Stored dataset items:
___

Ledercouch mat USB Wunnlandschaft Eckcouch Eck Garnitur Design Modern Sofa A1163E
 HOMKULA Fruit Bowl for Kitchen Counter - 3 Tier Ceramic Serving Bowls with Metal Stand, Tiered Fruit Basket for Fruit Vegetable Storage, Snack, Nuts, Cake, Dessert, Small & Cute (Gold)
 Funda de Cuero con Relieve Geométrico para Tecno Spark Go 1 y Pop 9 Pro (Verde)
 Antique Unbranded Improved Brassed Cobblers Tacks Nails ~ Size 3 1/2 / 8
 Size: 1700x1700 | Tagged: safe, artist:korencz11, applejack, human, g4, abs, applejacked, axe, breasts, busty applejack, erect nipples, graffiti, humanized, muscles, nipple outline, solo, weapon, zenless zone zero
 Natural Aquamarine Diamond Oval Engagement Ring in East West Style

___

**TASK DIRECTIONS**
Working from the data above, extract solely the lines from the one containing "Funda de Cuero" through the one containing "Antique Unbranded Improved", exactly as they appear, both included.

**OUTPUT FOR THIS TASK**
 Funda de Cuero con Relieve Geométrico para Tecno Spark Go 1 y Pop 9 Pro (Verde)
 Antique Unbranded Improved Brassed Cobblers Tacks Nails ~ Size 3 1/2 / 8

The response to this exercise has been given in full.